Including the captains, the spring roster is dotted with international students— there’s Ross Berriman, ’12 from South Africa; Seb Damberg-Ott ’12 and Rowan Kelner’s twin, Nat, from England; and others from Australia, China, Indonesia, Ireland, Slovakia, South Korea, and Sweden.
Assistant Coach Much Zvoma ’07, a key player on that year’s championship team, is from Zimbabwe, and he points to the great mixture of international students, who grew up playing the game, and Americans, many of whom had never touched a rugby ball before arriving on campus. Panther football linebacker Andrew Durfee ’11 is typical. Looking for something to play in the spring, he came out for the team and is now on the squad’s first fifteen, or ‘A’ team.
“Middlebury is a global liberal arts college,” says Zvoma, “and rugby is the world contact sport.”
Behind the Olympics and soccer World Cup, but ahead of the Super Bowl, the rugby World Cup is the third most watched televised athletic event. Tradition has it that the game traces its origins to a student in 1823 at the Rugby School in England, where a plaque commemorating the event reads “William Webb Ellis, with a fine disregard for the rules of football as played in his time, first took the ball in his arms and ran with it, thus originating the distinctive feature of rugby.”
The game, along with the British Empire, spread round the world. American colleges picked up the sport in the early 1900s, and later added shoulder pads and forward passing, which became American football. Rugby was still played out west, and in the ‘50s and early ‘60s, the original sport returned to eastern campuses. The Middlebury College Rugby Club was formed in 1972.
This year, nearly 60 students turned out to play for the men’s team; the College also fields a very successful women’s team which has gone through the last two league seasons undefeated and made the New England D3 championship game both years.

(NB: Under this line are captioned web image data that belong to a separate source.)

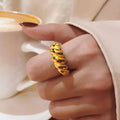 Classical Waterproof Tarnish Free Jewelry 18K Gold Plated Croissant Ring Stainless Steel Twisted Rings for Women YF2782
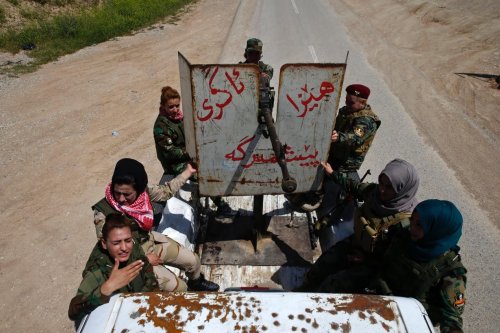 Ezidi Kürd Kadın Peşmergeler Reuters'un objektifinde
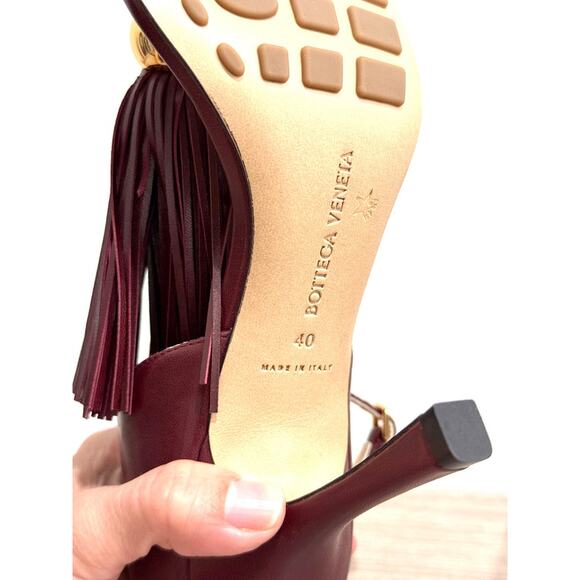 NWT Bottega Veneta Stretch Leather Tassel Accent Thong Sandals Cherry 40 / US 10 - Picture 7 of 8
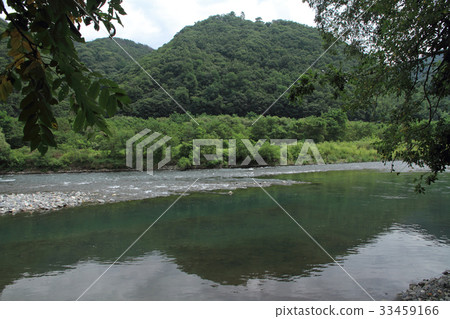 Kamogawa near the passing mark of Kumakura Kamogawa near the passing mark of Kumakura 33459166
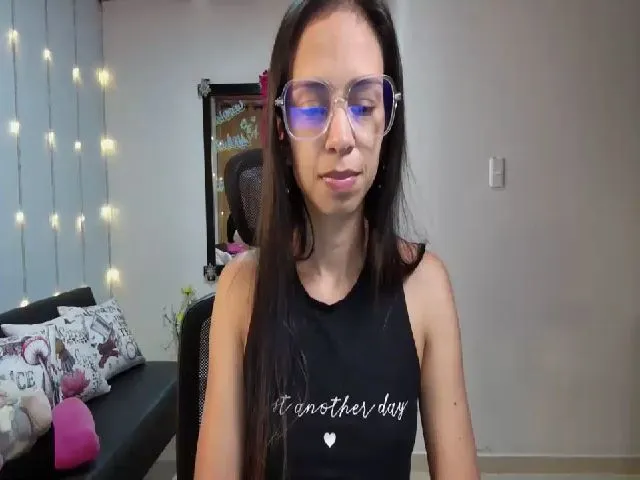 Live sex webcam photo for Aliicia #264527064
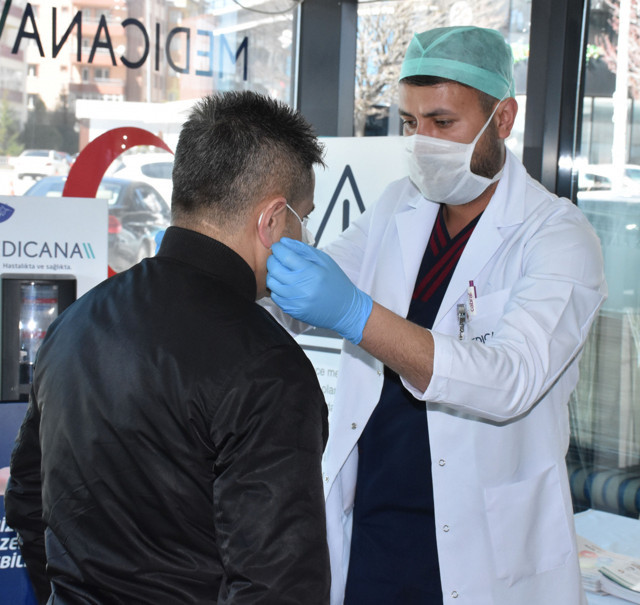 Sivas'ta koronavirüsü yenip alkışkarla dönen hemşire: Hiç üzülmedim - Resim: 1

Since March, the Panthers have played games against a number of D1 opponents, opening with a convincing 27-0 win over Boston University, followed by two close losses, 20-16 at Yale, and 20-12 at Harvard.
And now it is April and the tournament is here. Twenty-six MCRC players have been selected, and boarded a plane from Albany bound for Orlando. Their spring break has finally arrived.
Update: The Panthers fell to Miami of Ohio, 27-23, in the D2 quarterfinals. Middlebury rallied the next day to knock off Cal Maritime, 40-27, in a consolation match.
Middlebury communications advisor Mike McKenna, along with Professor Miguel Fernandez ’85, serves as faculty advisor to the MCRC.